I Behavior of a function for large x?

[pellman]

TL;DR Summary

Need to learn how to analyze the asymptotic behavior of functions

I have a problem asking to show that a certain function approaches a quadratic for large values of the variable. And I realize now that this is a skill with which I am totally unfamiliar. Can't use a Taylor series in y= 1/x because the value at y=0 is infinite. Would appreciate a recommended resource that covers this topic.

I would like to post the specific problem but I don't know how to post equations here. Is there a how-to page?

 

[fresh_42]

A bit more details would be fine. Maybe you could expand it into a Taylor series at another value.

I would like to post the specific problem but I don't know how to post equations here.
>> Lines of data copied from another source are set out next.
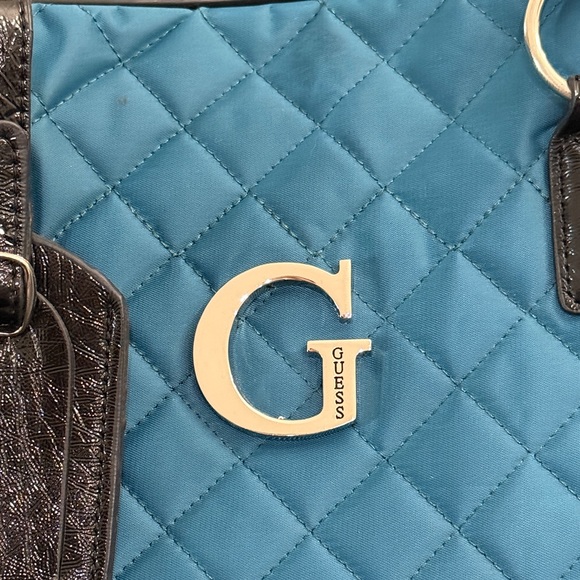 Guess Weekender - Picture 3 of 7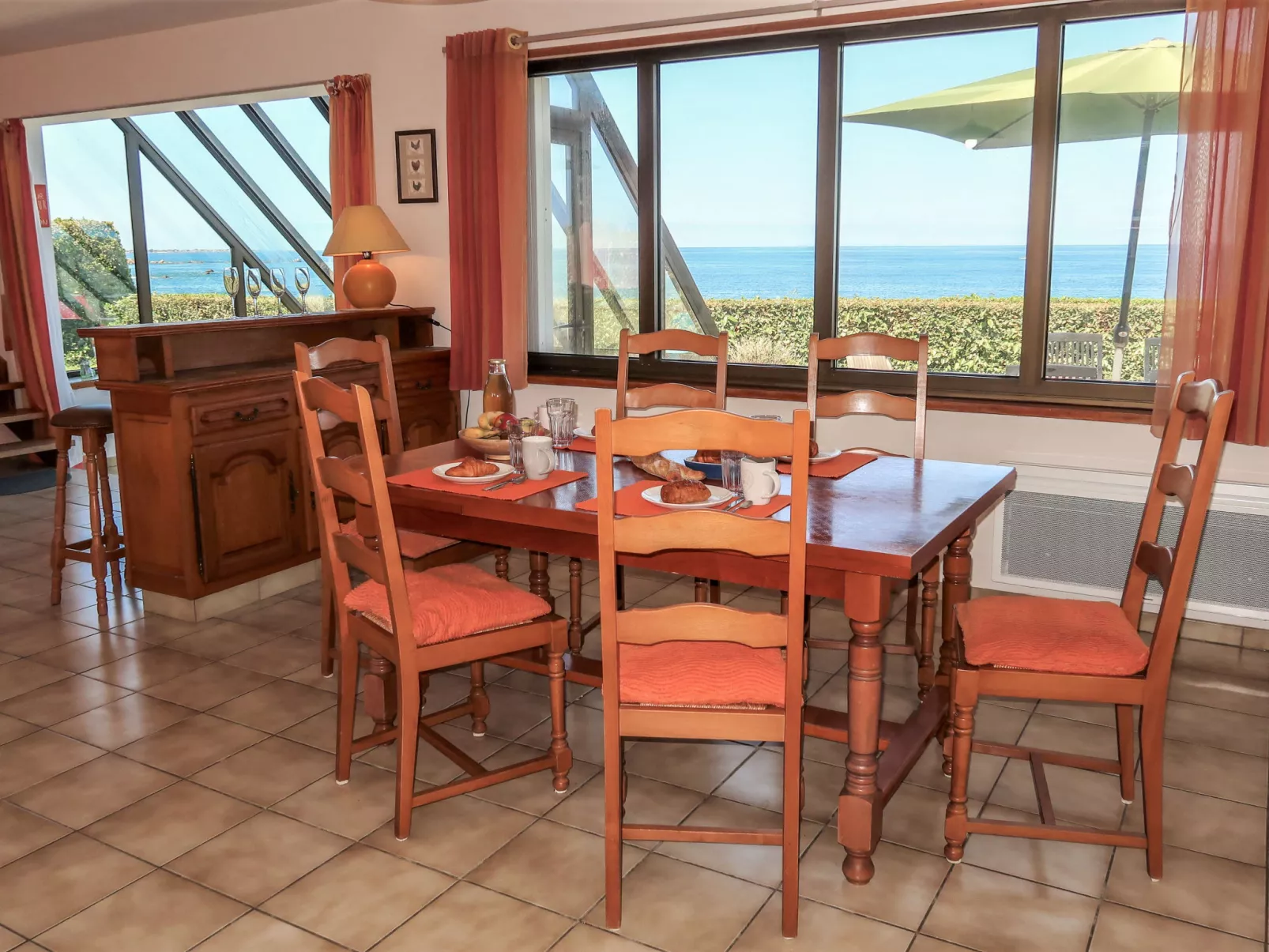 Les Romarins-Inside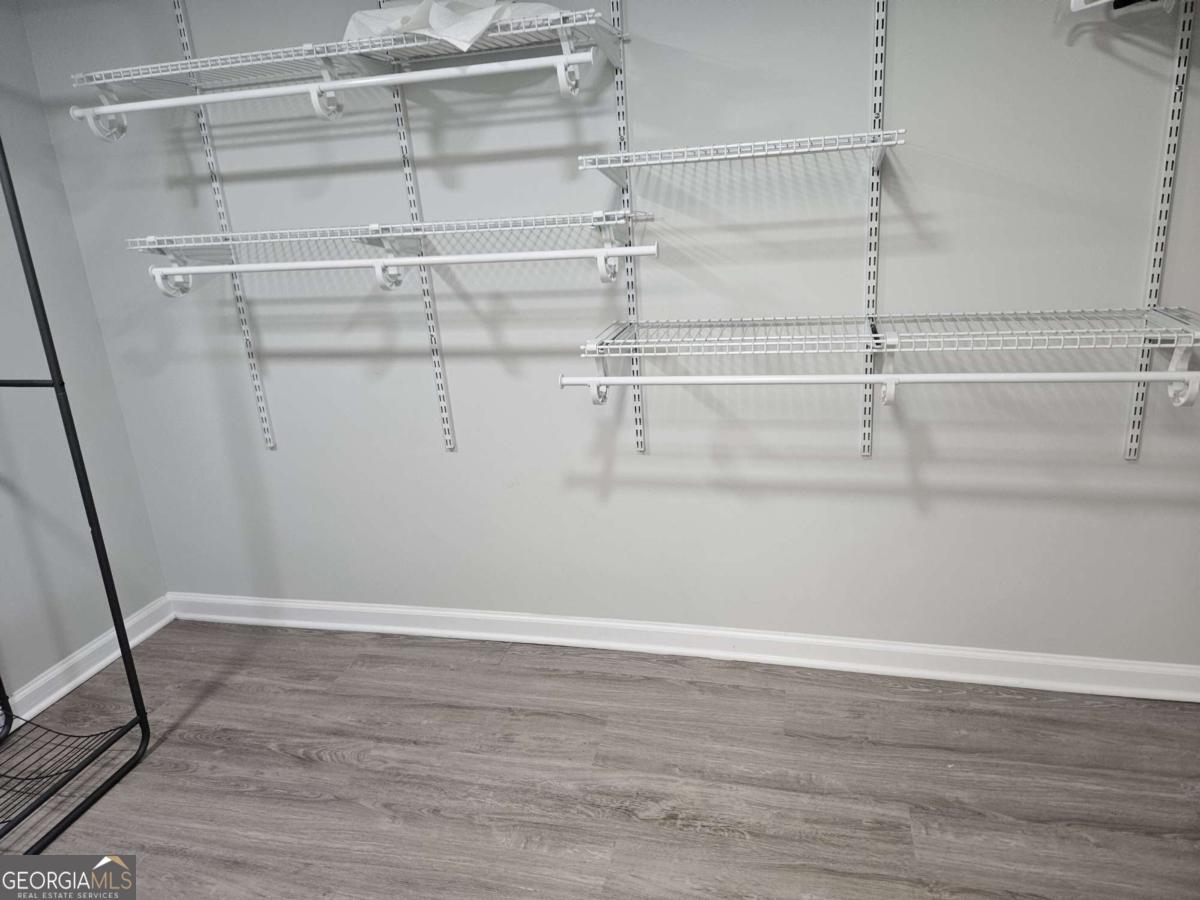 989 Rudolph Street Property Photo 6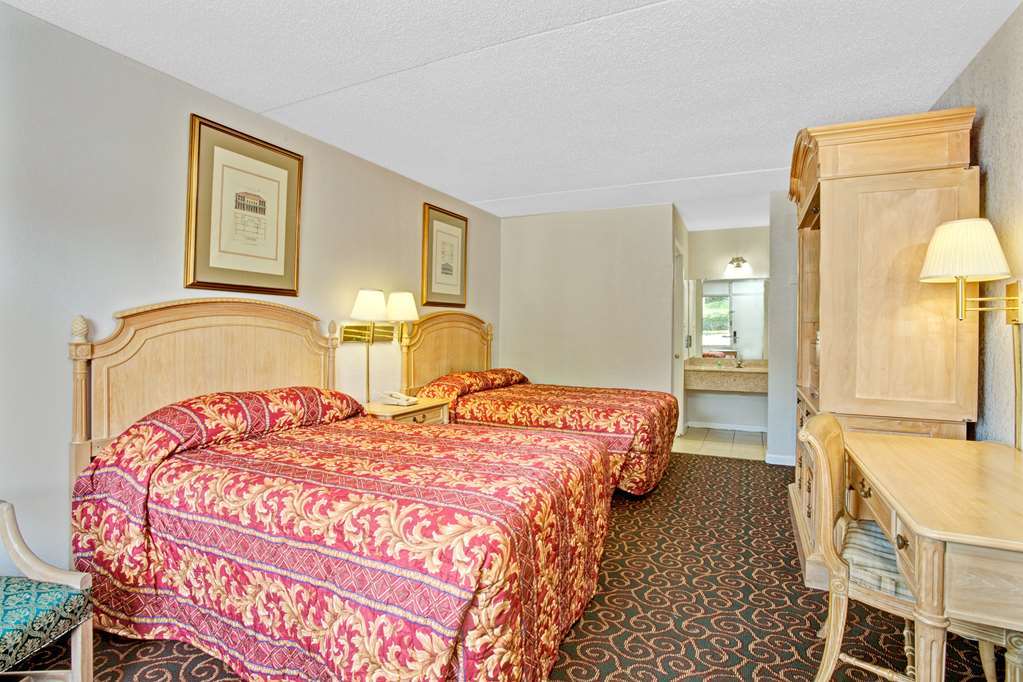 Red Roof Inn Fredericksburg North Habitación foto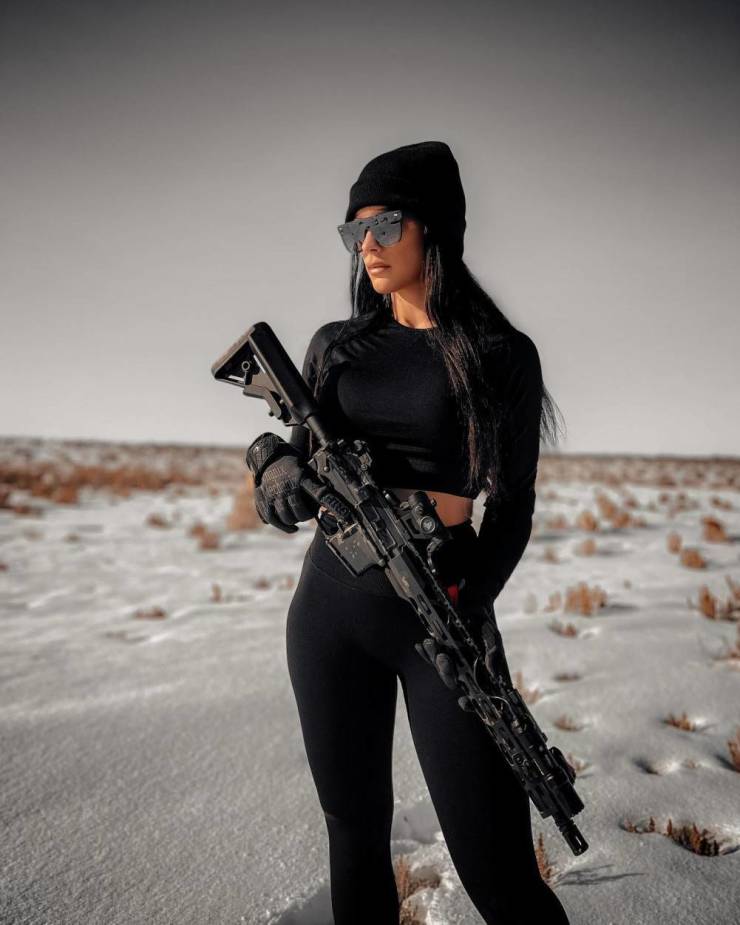 Guns Out!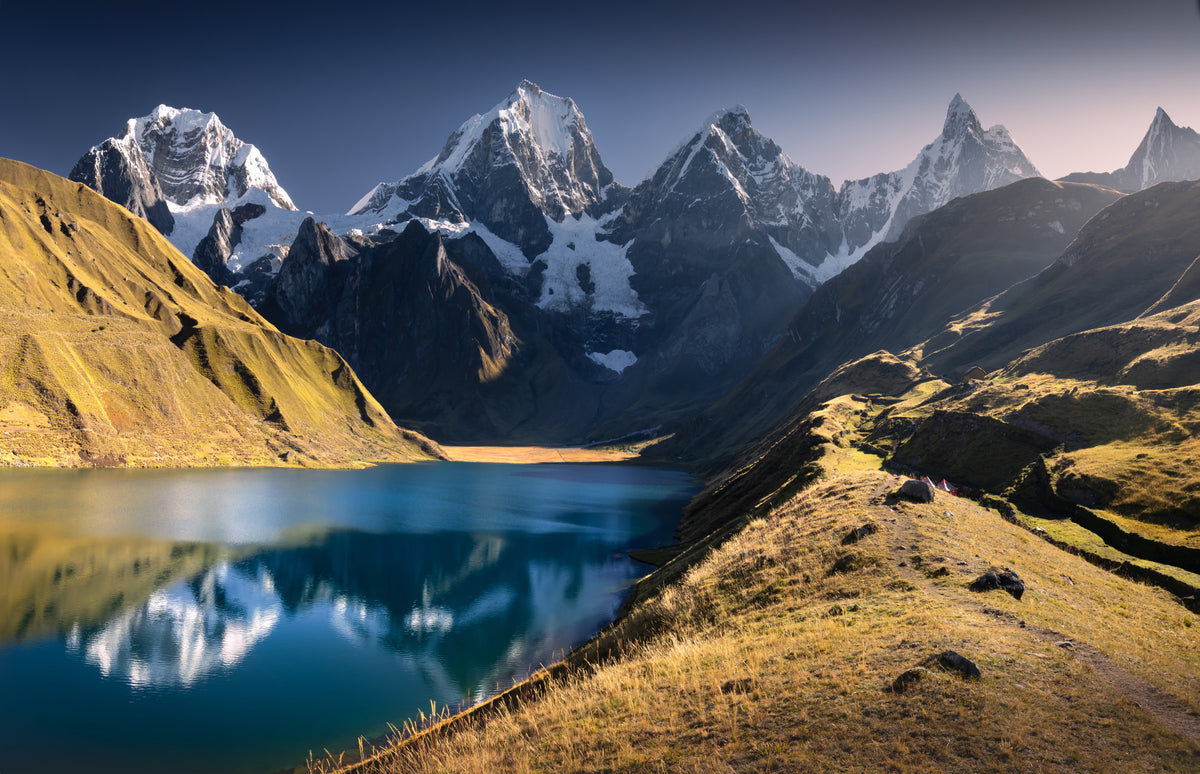 Fresque murale Pics Andins & Lac Serein -2316692 in your room — zoomed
Is there a how-to page?

https://www.physicsforums.com/help/latexhelp/

 

[pellman]

The specific problem is to show that

$x \sum_{p=1} ^\infty \ln \left( \frac 1 { 1 - e^{-p/x}} \right)$

approaches

$\frac { \pi^2} {6} x^2$

for large x. So we could drop the leading x and just show that the sum is linear for large x. I know that the pi^2 / 6 comes from $\sum_{p=1}^\infty \frac 1 {p^2}$

 

[fresh_42]

So we have to show
\begin{align*}
\zeta(2)x&\sim\sum_{p=1}^\infty \ln\left(\dfrac{1}{1-e^{-p/x}}\right) \\
&= -\ln\left( \prod_{p=1}^\infty (1-e^{-p/x})\right)\\
&\Longleftrightarrow\\
e^{\zeta(2)x}&\sim\prod_{p=1}^\infty \dfrac{1}{1-e^{-p/x}}
\end{align*}
and $\zeta(2)=\displaystyle{\dfrac{\pi^2}{6}=\prod_{p\text{ prime }}\dfrac{1}{1-p^{-2}}=\sum_{p=1}^\infty \dfrac{1}{p^2}}$

I would start with the Taylor series for $e^{-p/x}$ and try to get an asymptotic behavior that goes with $1/p^2$ in the summation.

If this shouldn't work, I would look for formulas and integration tricks in the realm of the zeta function. There are so many formulas around, that I bet there is one which fits.

 

[pellman]

Thanks, fresh_42